I’ve already mentioned a few of my favourites among books published in the first half of the year. Here are some of the travel-related books due over the next few months, ranging in subject from Nazi Germany to Japanese cuisine, and in place from Pakistan to the British Isles.

While his fellow graduates from Princeton set off to be “corporate conquistadors”, Kushanava Choudhury went to Calcutta  — which he had left with his family at the age of 12 for New Jersey — to work on the local paper. After postgraduate studies at Yale, he went back again, determined to “make sense of the city that had escaped and defied me [while I was] a journalist.” The Epic City: The World On the Streets in Calcutta (Bloomsbury, August 10) is the result. According to the writer and historian William Dalrymple, it “marks the arrival of a major new talent”.

How did Germany look to visitors — and there were many of them, particularly Britons and Americans — in the run-up to the Second World War? That’s a question Julia Boyd sets out to answer with Travellers in the Third Reich: The Rise of Fascism Through the Eyes of Everyday People (Elliott & Thompson, August 10), which draws on scores of previously unpublished diaries and letters. Drawn together, she says, “they generate an extraordinary three-dimensional picture of Germany under Hitler”.

Stories evoking Amsterdam’s pre-war past, before the dismantling of Jewish culture by the Nazis, feature in Amsterdam Tales (Oxford University Press, August 24), a collection of fiction, memoirs and anecdotes ranging in time from the 17th century to the 21st. Translated by Paul Vincent and edited by Helen Constantine, it is part of a series from OUP that has already included anthologies from Paris, Copenhagen and Vienna.

For his debut Walking the Woods and the Water, which was short-listed for the 2015 Stanford Dolman Travel Book of the Year award, Nick Hunt retraced the footsteps of Patrick Leigh Fermor on his epic 1930s trek from the Hook of Holland to the Golden Horn. In Where the Wild Winds Are (Nicholas Brealey, September 7), he is borne along by the very forces he is pursuing, starting with the roaring Helm through the Pennines and finishing with the Mistral in the south of France. It’s a book, his publishers say, “that makes the invisible visible”.

What news we hear in the West about Pakistan is rarely good, a fact reflected in the Foreign Office’s advisory page about the country, which is not exactly an encouragement to visit. In Travels in a Dervish Cloak (Eland, September 28), Isambard Wilkinson, who worked there as a foreign correspondent during the “War on Terror”, sets out to explore the land behind the headlines, for what his publishers promise will be “a funny, hashish- and whisky-scented travel book from the front line”.

In his last book, Coastlines, Patrick Barkham beat the bounds of the National Trust’s seaside holdings. In Islander: A Journey Around Our Archipelago (Granta, October 5), he heads offshore.
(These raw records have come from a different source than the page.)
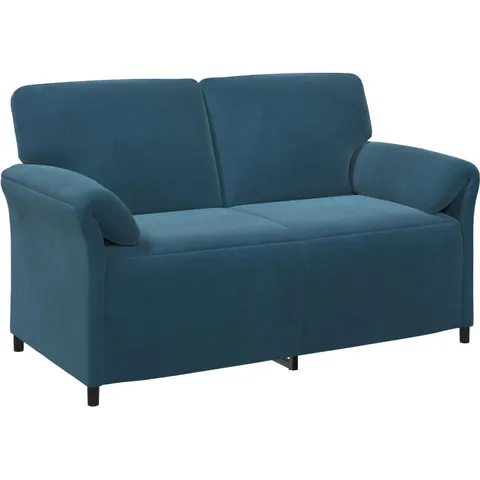 vidaXL Sofa 2 places Bleu Velours – 788985 – image 1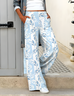 Geometric Casual Loose Pants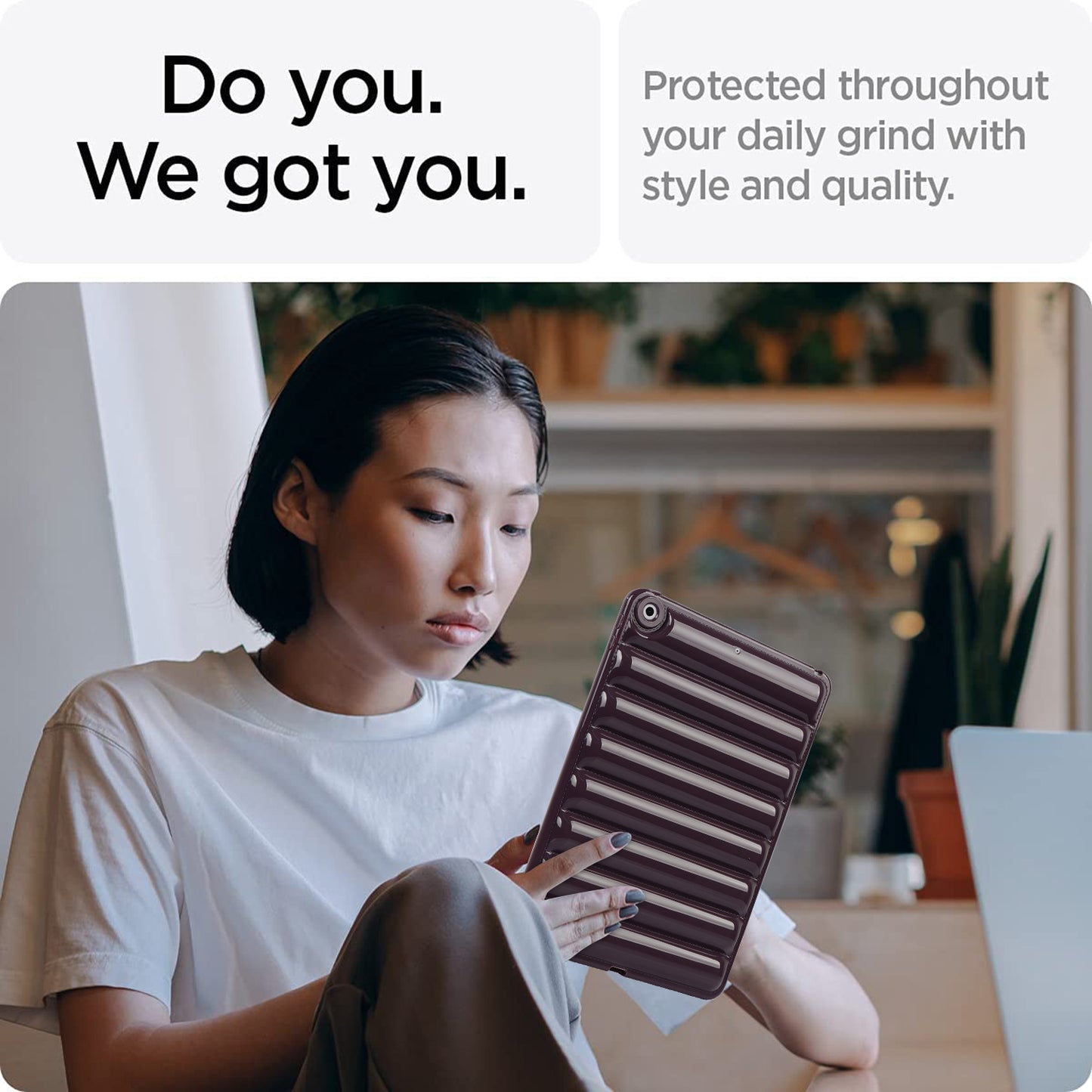 For iPad 10.2 (2021) / (2019) / (2020) Candy Color Tablet Protective Case Down Jacket Texture Soft TPU Cover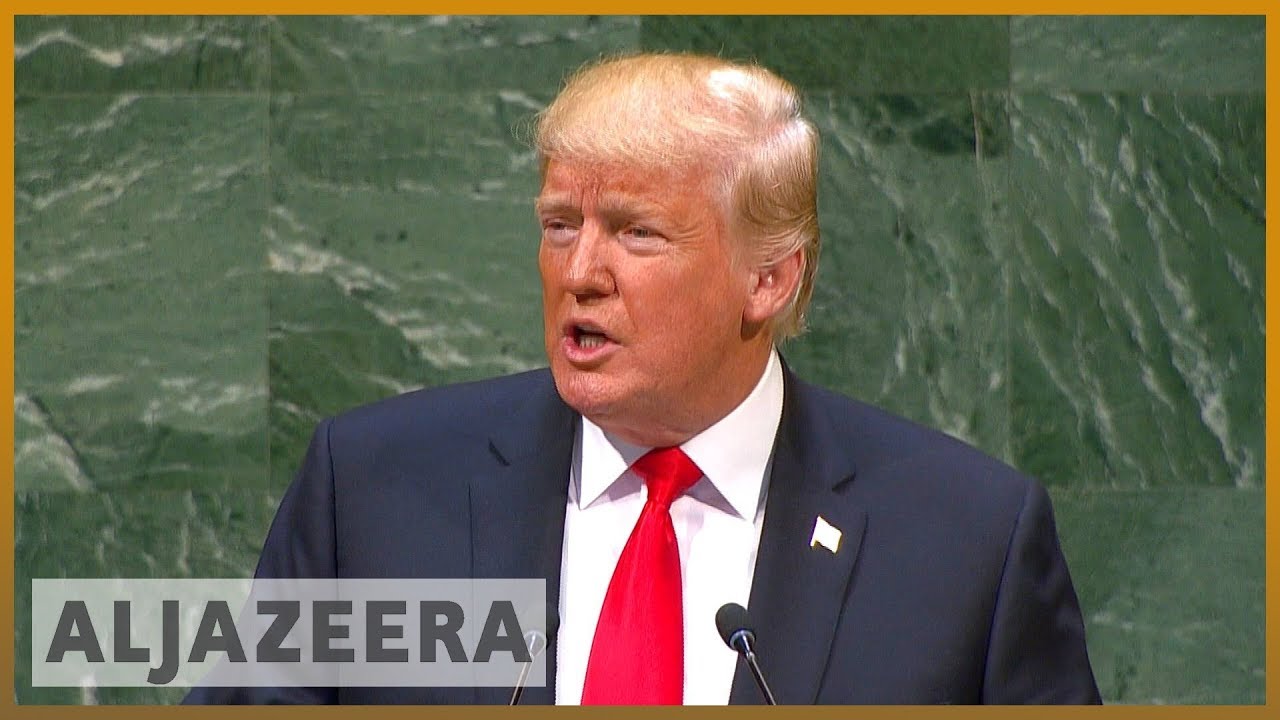🇺🇸 ترامب يُشيد بإنجازاته "الاستثنائية" في الجمعية العامة | الجزيرة الإنجليزية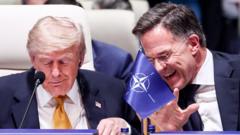 Nato chief tells BBC that Trump comments are like ‘family argument’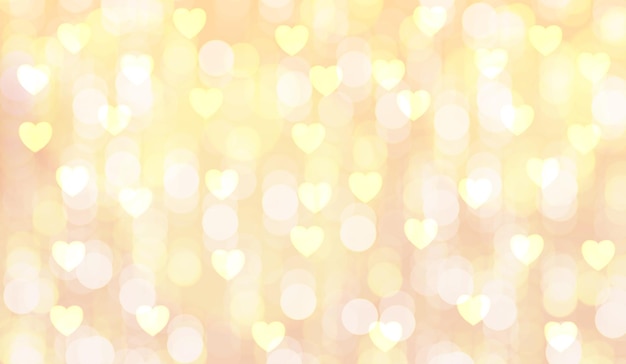Valentine achtergrond met harten lichtgele achtergrond voor happy Valentijnsdag vector design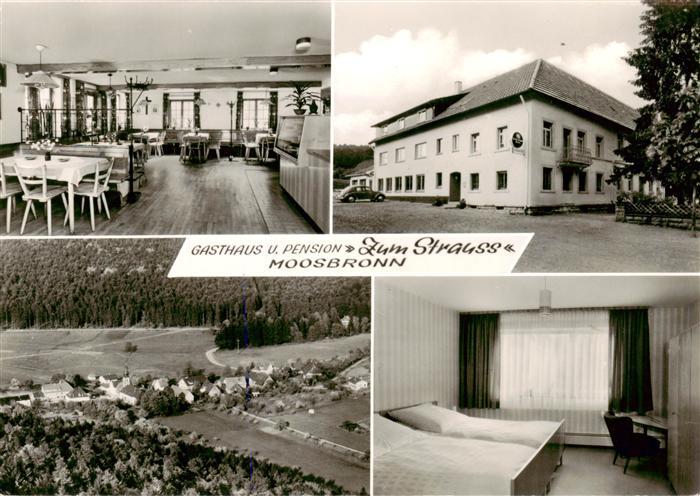 Moosbrunn Schoenbrunn Gasthaus Pension zum Strauss Restaurant Fremdenzimmer Luft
Inspired by a DH Lawrence story about a man seeking peace on successively smaller islands, he travels through 11 outposts of the British Isles, moving from large to medium to tiny, “seeking… the essence of what it is to be an islander”.

Ten years after their first visit to Japan, which led to the award-winning Sushi and Beyond, Michael Booth returns with his family “to delve deeper into the country’s food culture, to see what we’d missed, and [to] get to know the Japanese a little better”. He tells all — including a story about a chef who sacrificed a limb in pursuit of the ultimate bowl of ramen — in The Meaning of Rice — and Other Tales from the Belly of Japan (Jonathan Cape, October 12).